Work to be completed »
When the line containing "范冰冰臉蛋天價保單上億元 史上最全范冰冰整容前后照片大剖析（組圖）" appears in the data below, begin copying there and stop only after the line containing "Diagnóstico y tratamiento".

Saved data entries
**********

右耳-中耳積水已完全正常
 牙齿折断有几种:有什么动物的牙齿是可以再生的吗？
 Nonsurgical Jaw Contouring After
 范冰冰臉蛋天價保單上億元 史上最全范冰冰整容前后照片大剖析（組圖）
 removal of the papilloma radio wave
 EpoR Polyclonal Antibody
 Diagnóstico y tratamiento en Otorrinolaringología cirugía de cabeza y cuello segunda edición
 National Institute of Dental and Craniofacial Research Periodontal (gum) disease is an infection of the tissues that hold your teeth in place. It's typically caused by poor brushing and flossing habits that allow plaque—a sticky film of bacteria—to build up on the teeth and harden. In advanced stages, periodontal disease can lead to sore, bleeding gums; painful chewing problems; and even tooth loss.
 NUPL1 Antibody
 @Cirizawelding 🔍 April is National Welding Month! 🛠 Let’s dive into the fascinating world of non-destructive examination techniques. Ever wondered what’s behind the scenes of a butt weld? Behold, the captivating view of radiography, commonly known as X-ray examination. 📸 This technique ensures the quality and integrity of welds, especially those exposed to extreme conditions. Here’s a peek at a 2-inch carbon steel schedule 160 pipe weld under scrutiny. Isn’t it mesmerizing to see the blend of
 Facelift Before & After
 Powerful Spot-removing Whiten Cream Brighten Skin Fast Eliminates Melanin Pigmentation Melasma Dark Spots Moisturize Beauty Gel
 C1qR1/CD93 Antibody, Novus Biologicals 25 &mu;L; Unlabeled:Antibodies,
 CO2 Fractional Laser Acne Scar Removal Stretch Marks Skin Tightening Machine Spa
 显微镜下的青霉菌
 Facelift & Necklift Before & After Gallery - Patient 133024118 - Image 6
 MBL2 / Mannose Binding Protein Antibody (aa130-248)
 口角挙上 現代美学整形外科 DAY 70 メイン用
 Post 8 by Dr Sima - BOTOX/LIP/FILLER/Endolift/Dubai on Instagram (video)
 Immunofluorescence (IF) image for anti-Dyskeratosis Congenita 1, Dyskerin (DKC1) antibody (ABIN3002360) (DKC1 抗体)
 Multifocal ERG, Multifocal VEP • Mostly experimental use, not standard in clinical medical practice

**********

Task result »
 范冰冰臉蛋天價保單上億元 史上最全范冰冰整容前后照片大剖析（組圖）
 removal of the papilloma radio wave
 EpoR Polyclonal Antibody
 Diagnóstico y tratamiento en Otorrinolaringología cirugía de cabeza y cuello segunda edición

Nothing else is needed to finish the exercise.